Il faut donc en déduire que la salariée a été licenciée notamment parce qu'elle a dénoncé des dysfonctionnements sans qu'un abus de sa liberté d'expression ne puisse être caractérisé.
Aussi, c'est à raison que les premiers juges ont déclaré nul le licenciement et ont condamné l'employeur au paiement d'une somme à titre de dommages et intérêts dont le quantum, justifié, respecte les dispositions de l'article L 1235-3-1 du code du travail.

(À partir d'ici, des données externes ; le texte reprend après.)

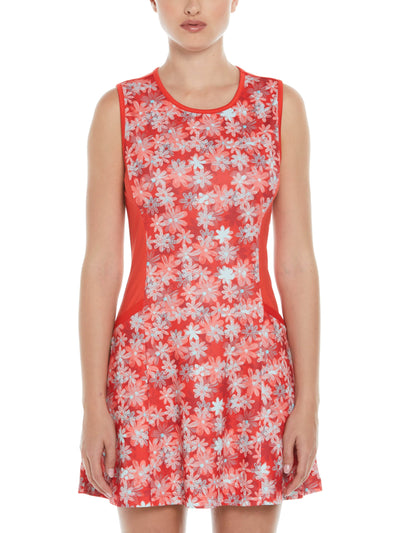 Playful Floral Print Golf Dress (Poppy Red) 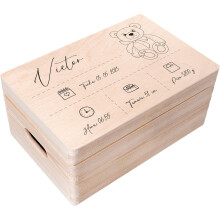 Creative DECO, caixa de arrumação de memórias personalizada, madeira natural, para bebés e crianças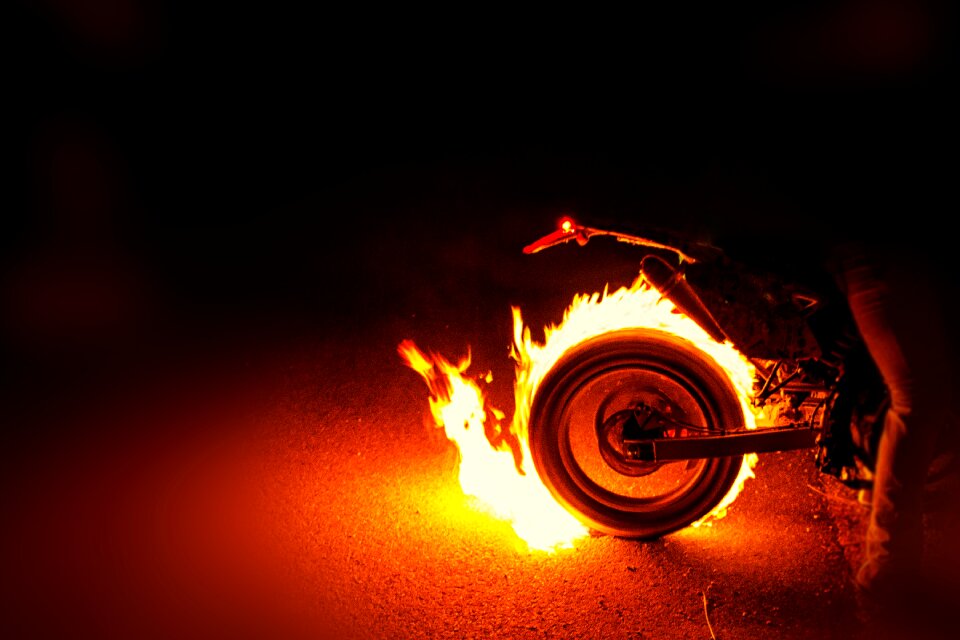 Fire burning burning tires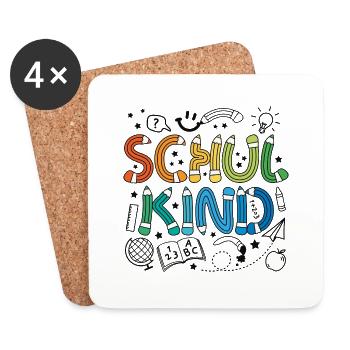 Schulkind 2026 Doodle Einschulung Schulanfang - Untersetzer (4er-Set) - Weiß - Vorne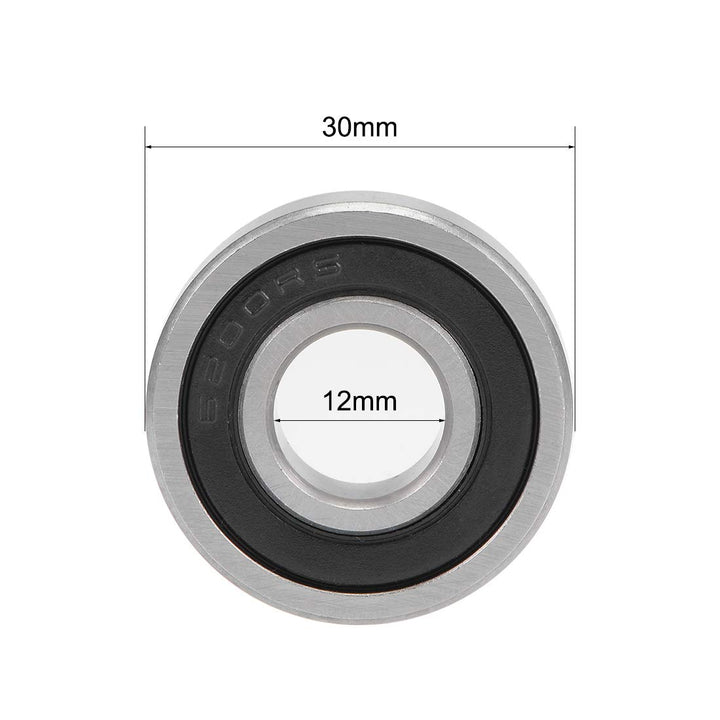 6200/12-2RS Deep Groove Ball Bearings 12mm x 30mm x 9mm Double Sealed Chrome Steel P0(ABEC1) 4pcs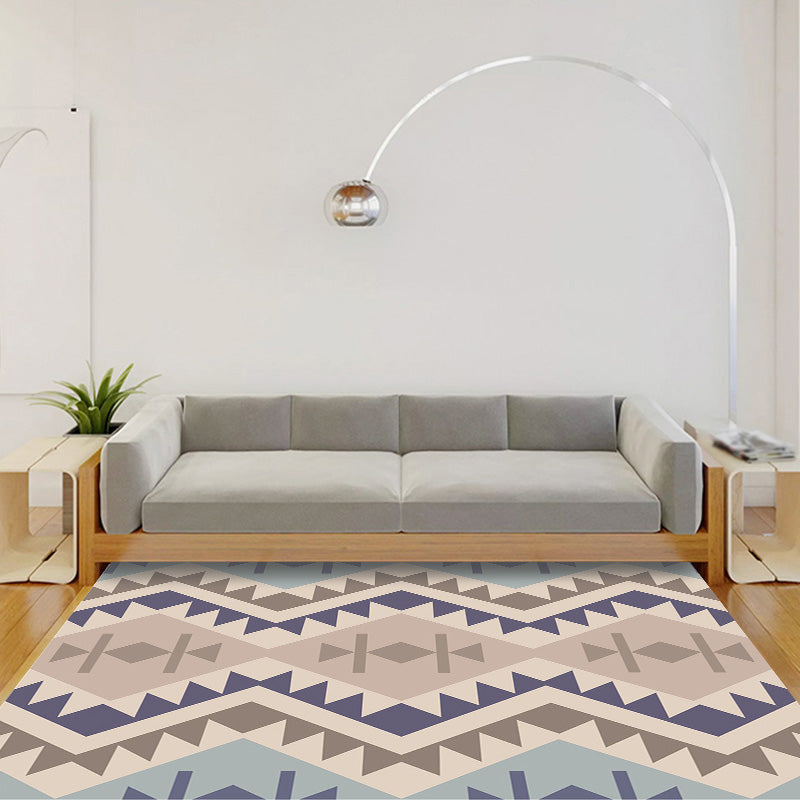 Lisslune | Southwest Tribal Geometric Pattern Rug Multicolor Polyester Rug Washable Pet-Friendly Non-Slip Rug for Living Room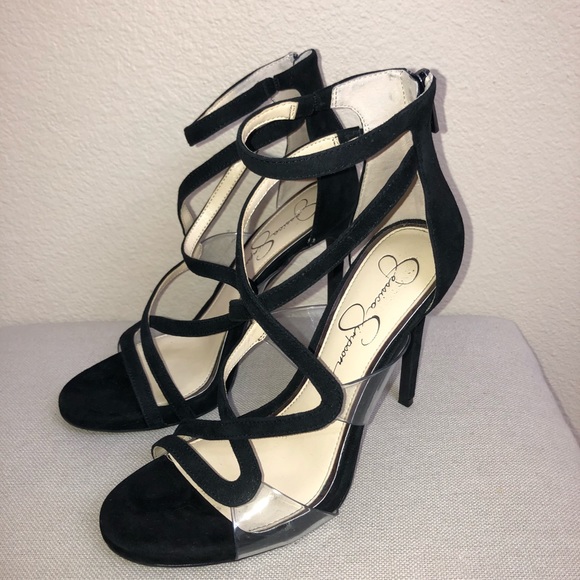 Jessica Simpson Black/Clear Suede 4" Heels- Worn 1X - Picture 3 of 5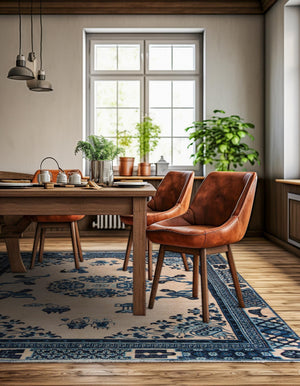 Ivory and Blue 7' 9 x 7' 9 Boutique Square Area Rug Chenille Polyester Cotton Traditional Oriental Inspired Classical Carpet for Living Rooms Dining Office Space Interior Design for Sale at Rug Engine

Le jugement sera donc confirmé.
Il le sera également s'agissant des dommages et intérêts en raison des circonstances vexatoires de la rupture dès lors que l'employeur, qui certes avait coutume de publier les mouvements d'effectifs, a rendu public le motif de la rupture du contrat de travail de Mme [J], à savoir le licenciement, ce qui n'était pas nécessaire. De surcroît, il est resté très évasif sur le motif de la rupture des contrats de travail concernant d'autres salariés au contraire de Mme [J] pour qui il a été très explicite.
C'est également à raison que le conseil de prud'hommes a fait droit à la demande de dommages et intérêts en réparation du préjudice moral né de l'exécution déloyale du contrat de travail en remettant en cause un arrêt de travail qu'il considérait sans fondement comme étant de complaisance, et en faisant lecture aux autres salariés des alertes de Mme [J] concernant les dysfonctionnements et maltraitances. L'employeur indique en effet dans ses écritures avoir lu les accusations que Mme [J] a porté dans sa lettre de demande de rupture conventionnelle alors qu'il n'y a rien de tel dans cet écrit. Dans la mesure où les accusations résultent du document 'mon rêve d'Aurore' et des entretiens de mai 2020 en vue de la rupture conventionnelle, il faut en déduire que l'employeur a porté à la connaissance des autres salariés le contenu des entretiens préalables à la rupture conventionnelle. Le jugement sera donc confirmé sur ce point puisque la faute de l'employeur a généré un préjudice moral évident puisque ce faisant, l'employeur a désigné la salariée à la vindicte de ses autres collègues.
Succombant au sens de l'article 696 du code de procédure civile, l'employeur doit être condamné aux dépens et aux frais irrépétibles de première instance par confirmation du jugement.
A hauteur d'appel, l'employeur appelant qui succombe également, sera condamné aux dépens. Débouté de sa demande au titre de l'article 700 du Code de procédure civile, il sera condamné à payer au salarié intimé la somme de 2 500 euros.
Par ces motifs :
La cour statuant publiquement, contradictoirement et après en avoir délibéré conformément à la loi,
Confirme le jugement rendu le 8 septembre 2022 par le conseil de prud'hommes de Troyes en toutes ses dispositions dévolues à la cour ;
Y ajoutant,
Déboute la SAS Le rêve d'Aurore de sa demande de remboursement de ses frais irrépétibles d'appel ;
Condamne la SAS Le rêve d'Aurore à payer à Mme [V] [J] la somme de 2 500 euros en remboursement de ses frais irrépétibles d'appel ;
Condamne la SAS Le rêve d'Aurore aux dépens de l'instance d'appel.